We combine the “mutate” mode and the “streamNodeProperties” function to actually “paginate” the algorithm’s results and thus also paginate the transfer to the cluster nodes.
Let’s see how in detail:
- We start by creating the catalog and run the Louvain algorithm as usual but this time we use the mutate mode. As a result, we get back the number of properties written to the in-memory graph.
- We note down the total number of mutated properties by writing it into a helper node PagingHelper that will allow us to keep track of the transfer process.
- We then iteratively fetch one “page” at a time using the gds.graph.streamNodeProperties function in combination with a SKIP/LIMIT clause, effectively selecting one page worth of data at time.
The actual “store back process” now consists of:
- Updating the relevant nodes with the communityId property as usual,
- Updating the PagingHelper node by incrementing its CurrentPage property and
- Updating Read Replica (the cluster will automatically synchronize the replica for us).
By comparing the PagingHelper node’s properties as CurrentPage, PageSize, and Properties, we always know whether the process is completed or not.
If this sounds complex to you at first glance, you will be surprised by how it fits nicely in a couple of workflows:
Again by leveraging the ability of Hume to mix and match multiple resources it is easy to implement the step (1) and (2)
Here we start by periodically fetching the current page information from the helper node. Using this information, we select the portion of output to extract (3) and store that portion back (4).
At the same time, we update the helper node (5) and let the workflow iterate through this process until there is nothing left to do, which triggers an automatic stop of the whole workflow.

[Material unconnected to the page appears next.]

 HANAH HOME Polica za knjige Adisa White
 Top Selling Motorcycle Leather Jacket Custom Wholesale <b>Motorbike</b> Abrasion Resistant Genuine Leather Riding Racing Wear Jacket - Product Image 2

Graph data science is playing a crucial role in many businesses and it will become even more prominent in the future.
Neo4j’s GDS library is a central technology in this area where real life applications keep requiring a computational support only cluster configurations can give.
We showed how to tackle the Account Association problem in a realistic setting where it is essential to decouple Core nodes and Computational nodes.
We also saw that, while it is easy to move data in one direction, it is not apparent how to synchronize results back, and we proved how Hume fills the gap at scale.
This is how Hume allows you to focus on your data processing and analysis logic, making it easier for you to bring value to your business.